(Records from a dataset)
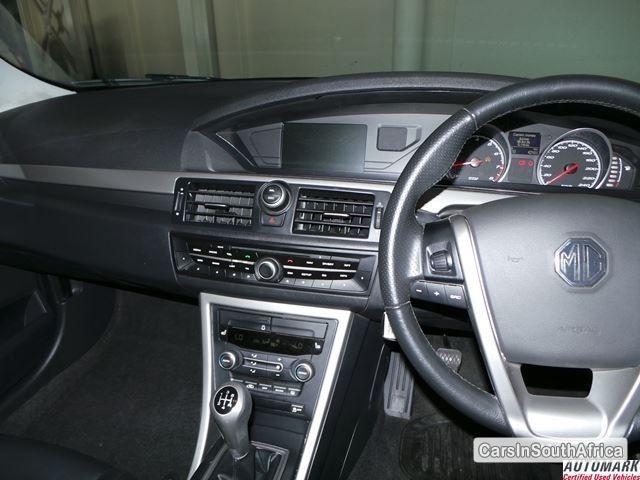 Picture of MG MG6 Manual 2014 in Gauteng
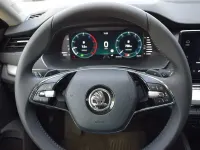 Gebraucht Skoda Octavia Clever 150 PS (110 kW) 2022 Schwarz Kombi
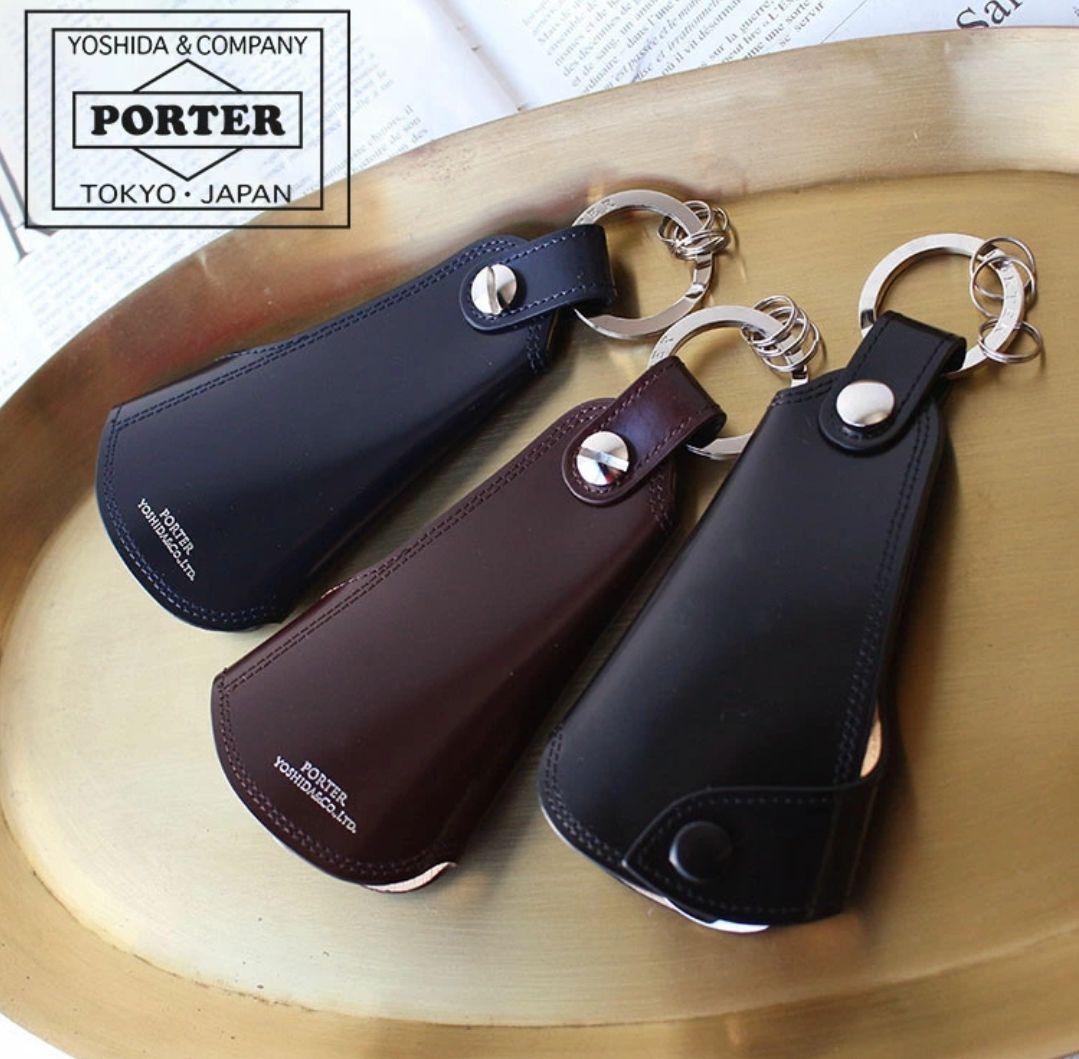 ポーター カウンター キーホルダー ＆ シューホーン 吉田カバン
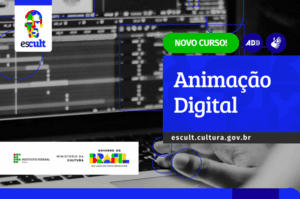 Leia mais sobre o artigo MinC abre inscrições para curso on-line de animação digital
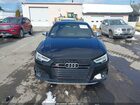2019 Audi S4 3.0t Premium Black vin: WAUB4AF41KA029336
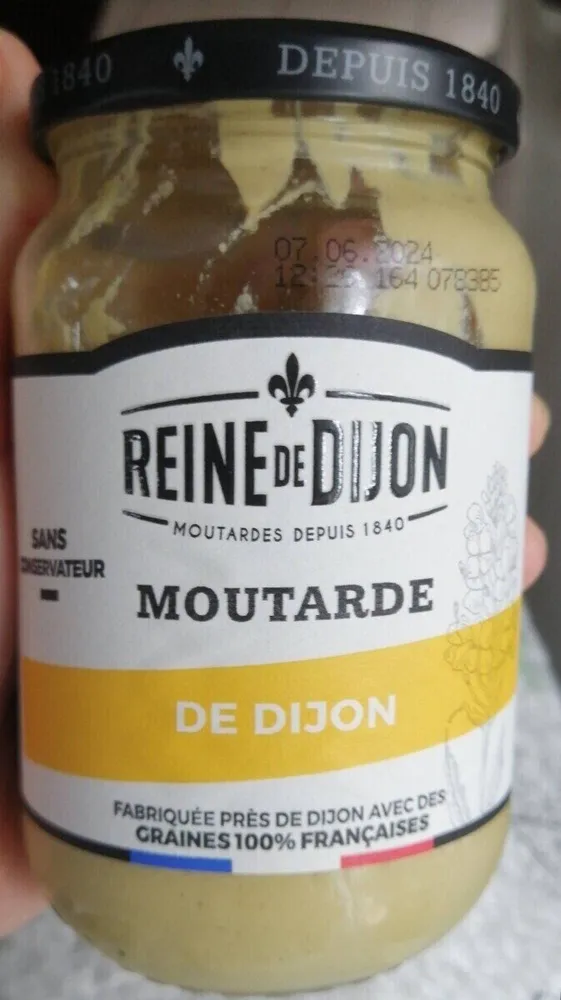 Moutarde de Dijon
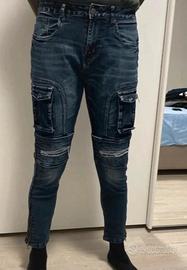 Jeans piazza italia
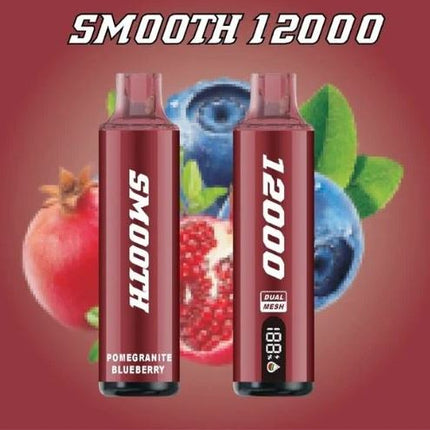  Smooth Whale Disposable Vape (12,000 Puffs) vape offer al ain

▸ **About this exercise**
Retype the data above exactly. Leave the pictures out.

▸ **Answer section**
 Picture of MG MG6 Manual 2014 in Gauteng
 Gebraucht Skoda Octavia Clever 150 PS (110 kW) 2022 Schwarz Kombi
 ポーター カウンター キーホルダー ＆ シューホーン 吉田カバン
 Leia mais sobre o artigo MinC abre inscrições para curso on-line de animação digital
2019 Audi S4 3.0t Premium Black vin: WAUB4AF41KA029336
 Moutarde de Dijon
 Jeans piazza italia
  Smooth Whale Disposable Vape (12,000 Puffs) vape offer al ain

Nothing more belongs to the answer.